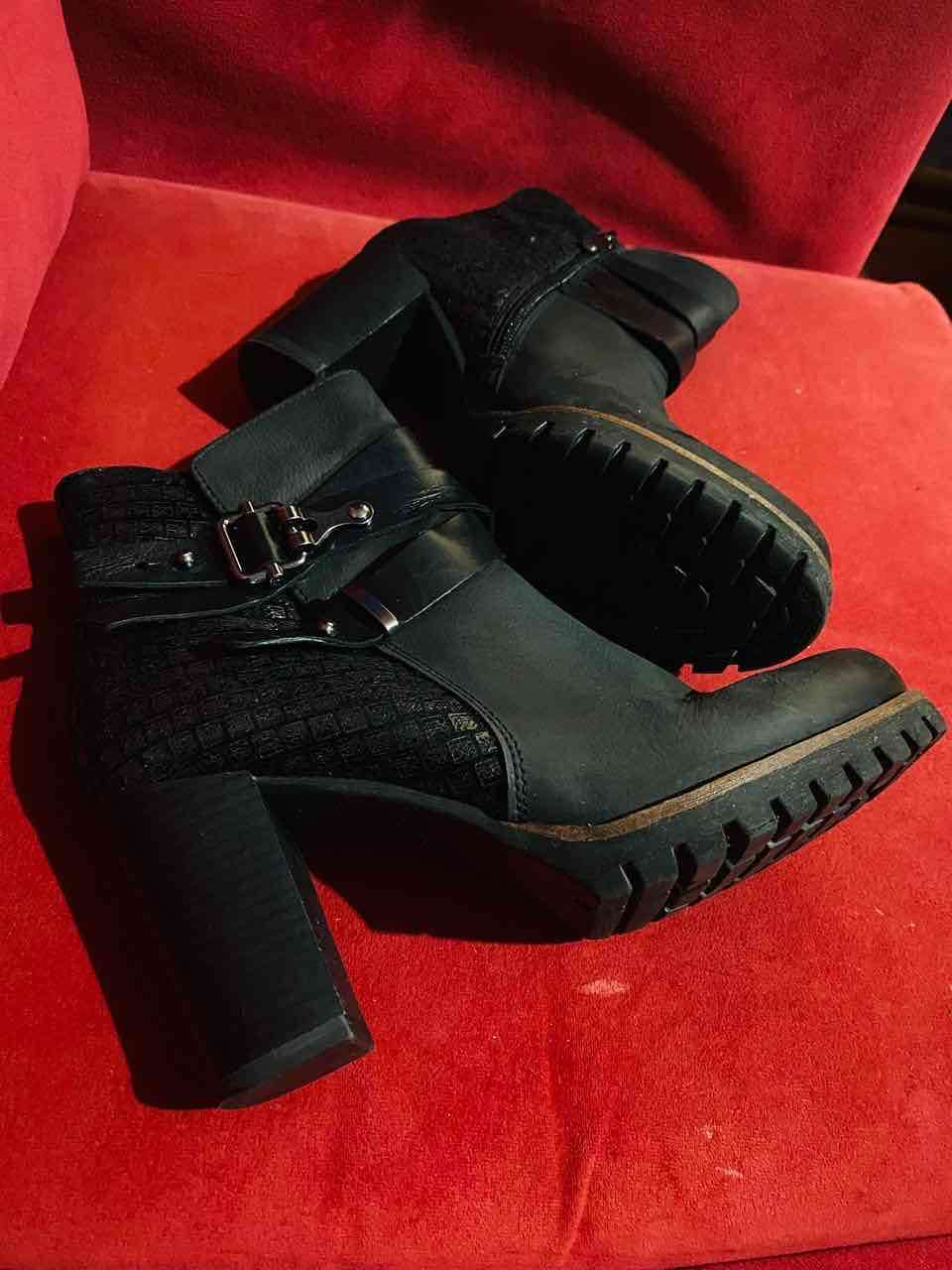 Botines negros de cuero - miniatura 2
* * *
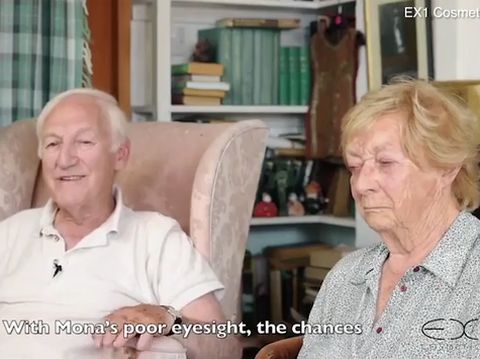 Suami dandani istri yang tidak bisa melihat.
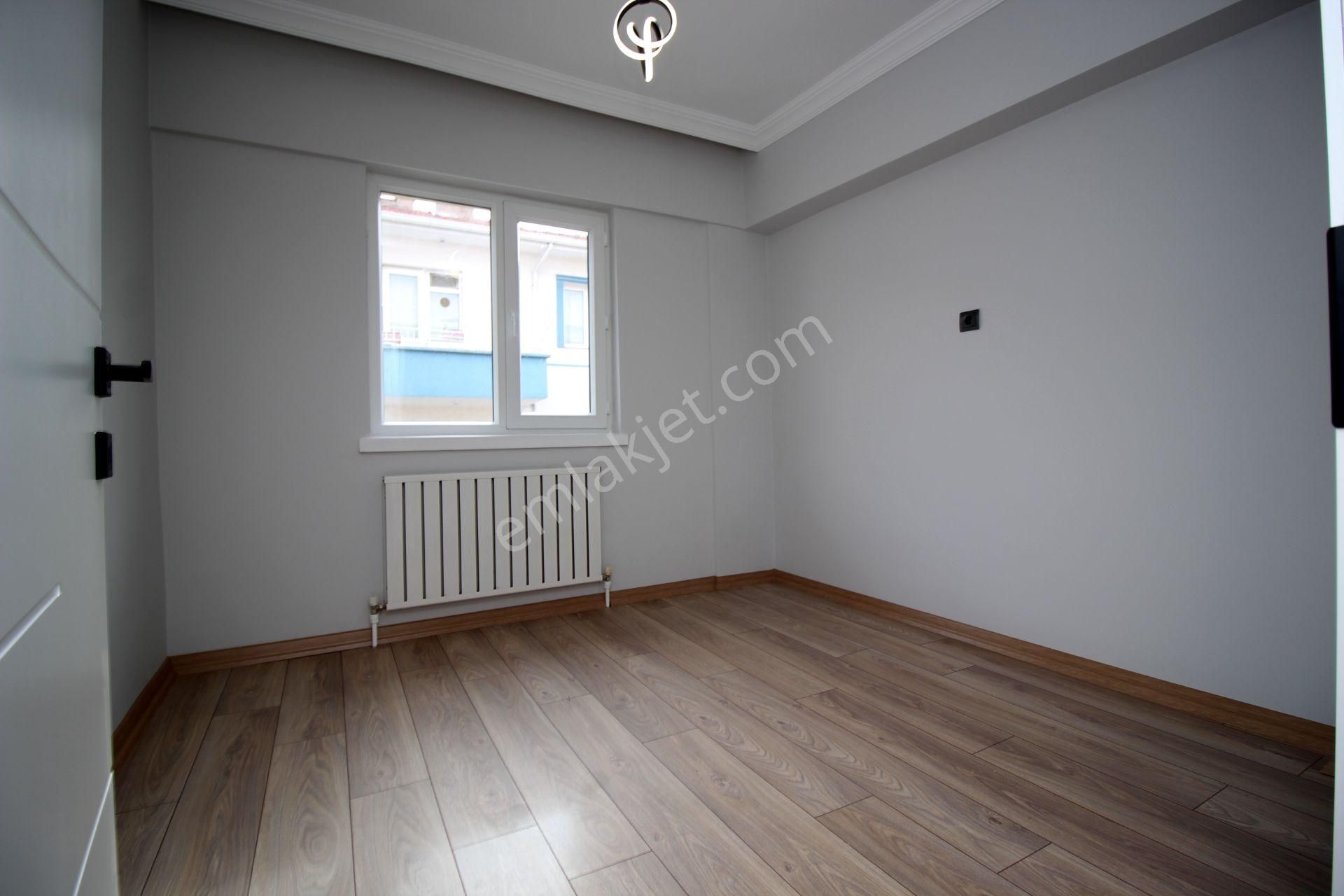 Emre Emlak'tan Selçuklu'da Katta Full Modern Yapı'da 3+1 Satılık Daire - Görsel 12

• What is required:
Set the pictures aside and reproduce exactly the lines above, from the line holding "Suami dandani istri yang tidak bisa melihat." through the line holding "Emre Emlak'tan Selçuklu'da", both included, with nothing else.

• Your solution:
 Suami dandani istri yang tidak bisa melihat.
 Emre Emlak'tan Selçuklu'da Katta Full Modern Yapı'da 3+1 Satılık Daire - Görsel 12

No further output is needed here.